A note from the poet: This poem is part of a larger collection of elegies I’m assembling that focus on the recent loss of my son.

A graduate of Vassar College, I hold an MFA and doctoral degree from the University of Iowa. In addition to attending the Sarah Lawrence Summer Writing Institute for several years, I was accepted to the Bread Loaf Conferences in both Middlebury and Sicily in 2016 as well as the Sewanee Writers’ Conference this year. This year marks the fourth that I have been honored to be a scholarship participant at the Frost Place Summer Writing Program.

My poetry has appeared or is upcoming in apt, Bluestem Magazine, Broad River Review, The Cape Rock, Chicago Quarterly Review, Delmarva Review, The Dickinson Review, Juked, Lindenwood Review, Menacing Hedge, The Midwest Quarterly, OxMag, Pennsylvania English, The Round, Schuylkill Valley Review, Storyscape, Streetlight Magazine, Talking River, Zoned, and Westchester Review, among others, while my dissertation was published as Writing Reconstruction: Race, Gender, and Citizenship in the Postwar South (University of North Carolina Press, 2015). My chapbook, Black Wick was a semi-finalist for the 2018 Tupelo Snowbound Chapbook Contest.

A Poem by Alyssa D. Ross






If People Were Safe



It was another bitter winter in Northern Virginia.

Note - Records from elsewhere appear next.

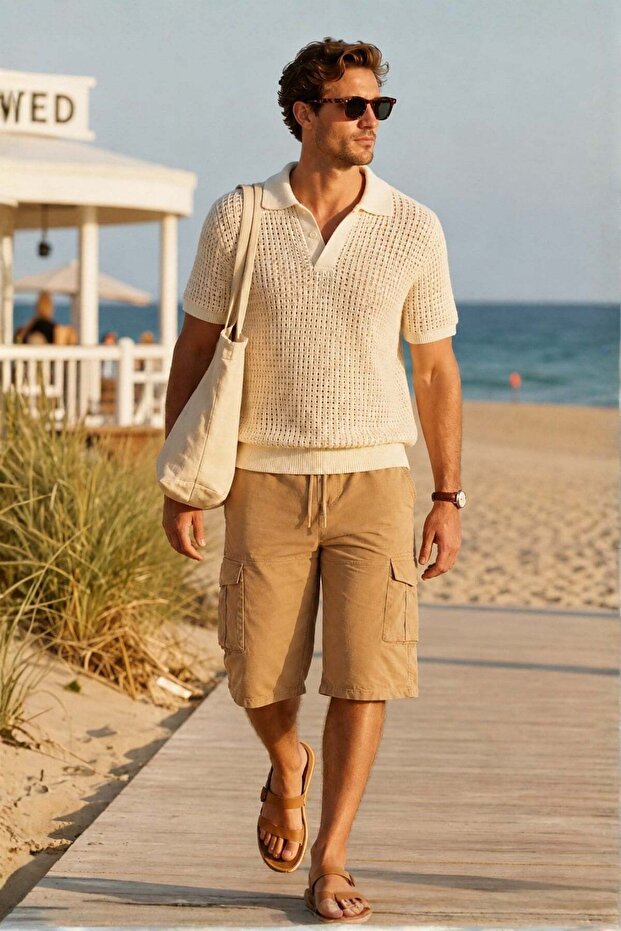 Camel Cargo Pocket Men's Capri Shorts 6875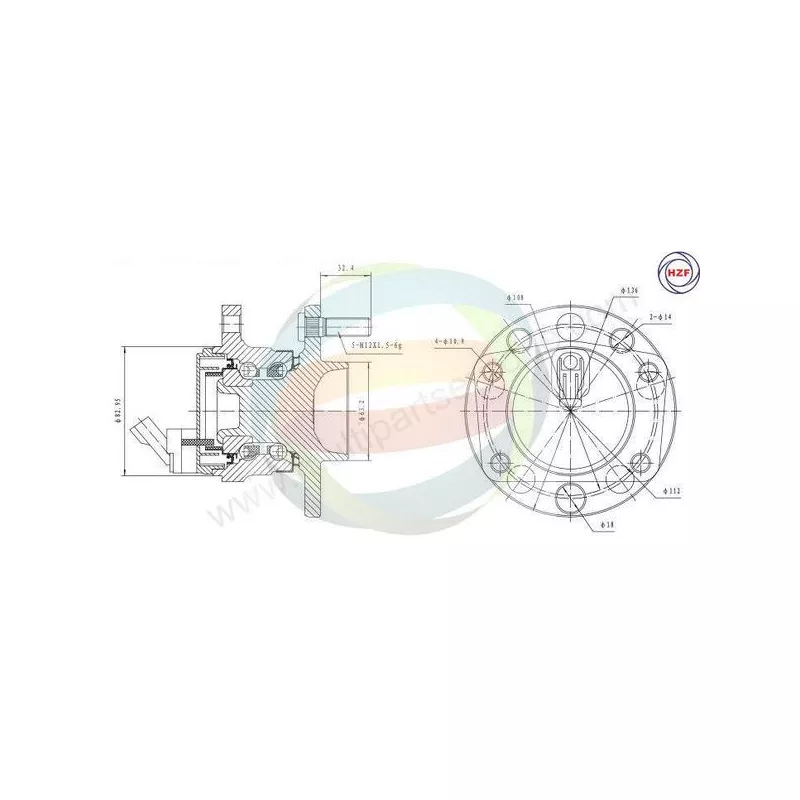 Roulement de roue arrière ODM-MULTIPARTS 70-080054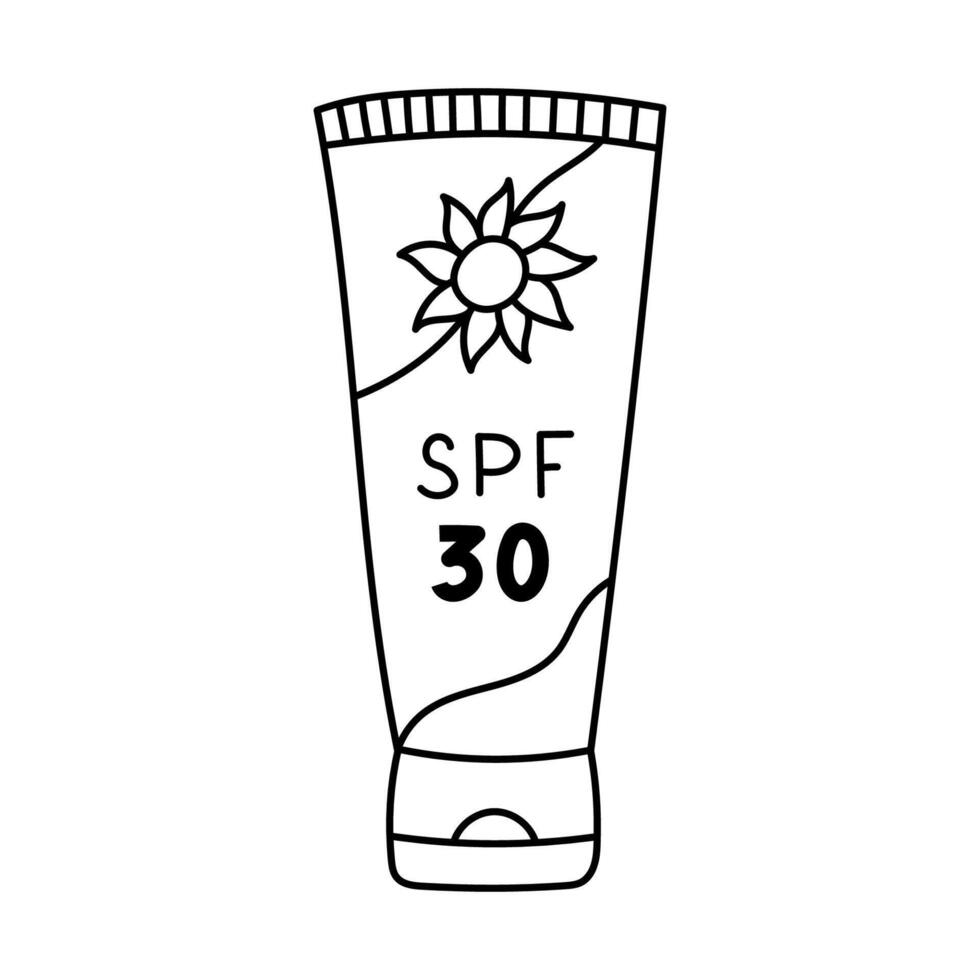 Lovely sketch sunblock cream tube with SPF 30 for sun safety, prevention cancer. Childish hand drawn protective cream for summertime vacation and hot weather. Sunscreen doodle isolated on white. vector
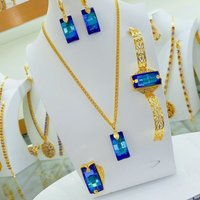 24K Gold Plated Dubai Jewelry Set 2023 New Necklace Earrings Women's Bracelet Ring Party Accessories YY10124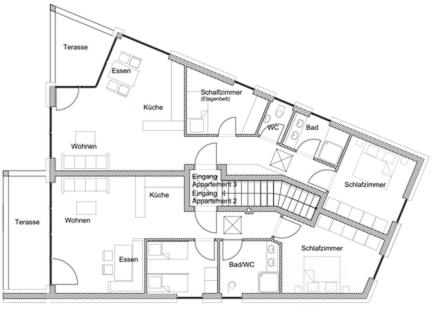 Půdorys ubytování Veranda Appartement Wohlfühl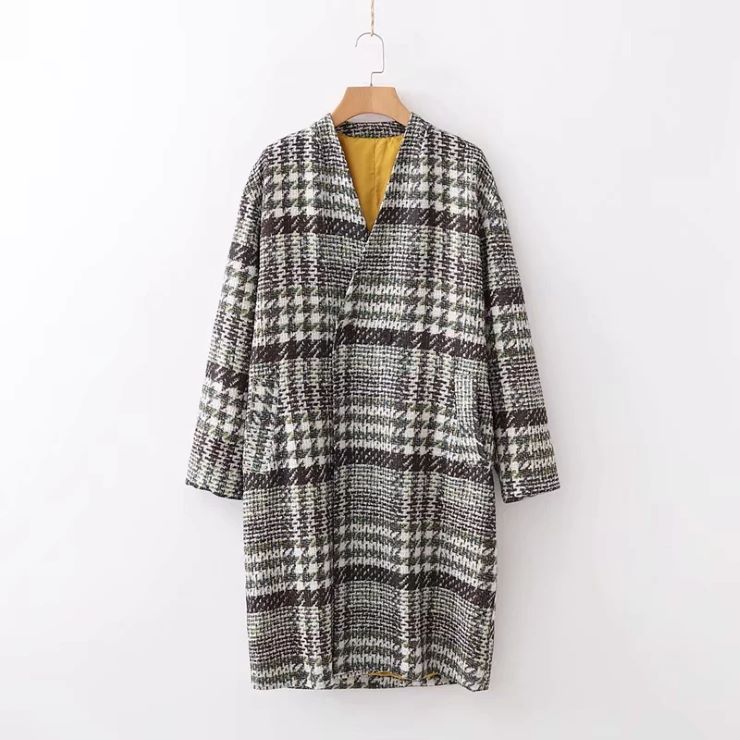 Other - チェック柄ロングコート ■ コート コート ロング ロング丈 レディース 柄物 春 夏 秋 冬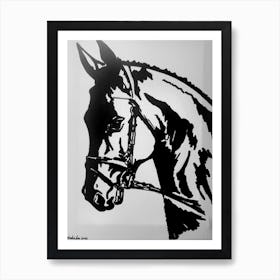 horse power (balck and white horse) Art Print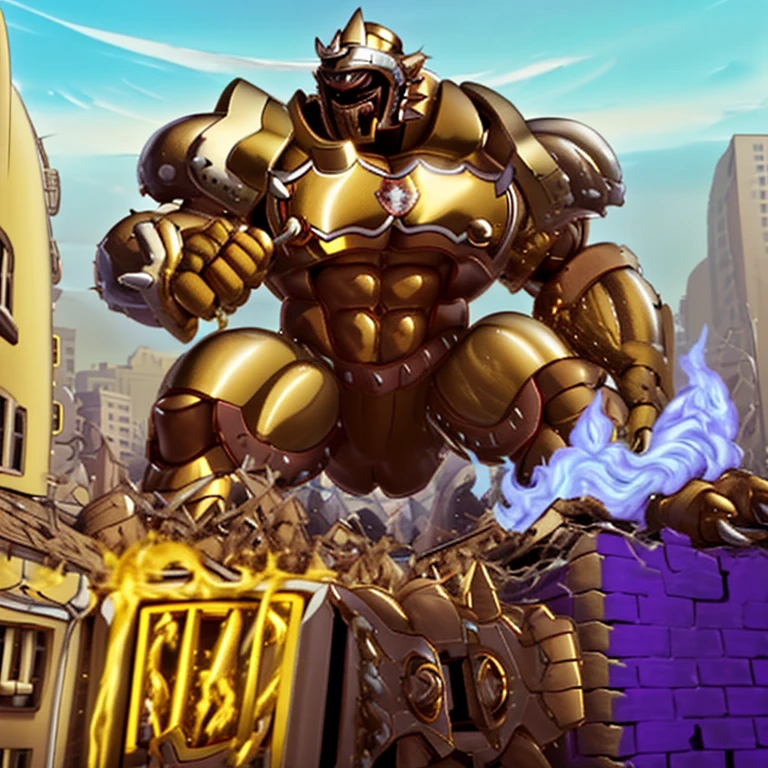 (Solo. masterpiece. official art. 8k. best quality. detailed full body. full body.)
(situation 1 : dominating zeraora. zeraora is over 1000 meters long. focus GIANT mechanical Muscular zeraora is trampling the city. Looking down. macro. stomp. Low-angle perspective. emphasizing the immense size. He is much bigger than a skyscraper. Giga Giants. looking down. foot focus, (soles:1.2))
(situation 2 :smoke and flames rising from the destruction in the city)
(Additional details 1: wearing a full-face helmet. golden armor. Armored Flazzard. Armored_Flazzard. high-tech bio-mecha armor. real texture material. whole body shines like metal. Wearing cyberpunk mecha. emphasizes the muscles. suit fully made of metal. intricate armor. Robotic suit. suit fully made of metal. cyborg. He is wearing a golden cloak.).
(Additional details 2: (Detailed head. Detailed Body. Detailed abs. gigantic muscles. HYPER MUSCLES. Gigachad Muscular. big muscle. pecs. triceps. traps. unusually developed muscular body. body full of huge muscles. showing off muscles. pectorales enormes. Exaggeratedly huge muscles. huge muscles. long legs.).
(Additional details 3: Spread wings. It has wings. have big wings. The claws are sharp. Sharp teeth).
(Additional details 4: golden hyper penis. hyper golden penis. big penis) Chrome Armor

He was making music and I was stocking make-up

and we were both teaching classes, still learning each other

when the snow started to come down around us.


They were tiny flakes at first that piled up fast.

We watched the sheet of snow grow to five inches

before they cancelled all of our classes.

We stayed up all night waiting and wondering


if people were safe and wishing it would never stop

so that we could stay in that house together.

The next morning, we awoke to the shining,

white silence that accompanies two feet


of fresh snow still-falling in February,

the cold month of my birth.

Our unexpected freedom meant that we’d been gifted

a real breakfast without restraint:


no molasses granola bars or bruised fruits,

we would make a breakfast feast

with soft-fried eggs and uncured bacon,

dishes that take time. The best item would,


of course, be his secret recipe

Belgian waffles with big squares and marshmallow mouth feel.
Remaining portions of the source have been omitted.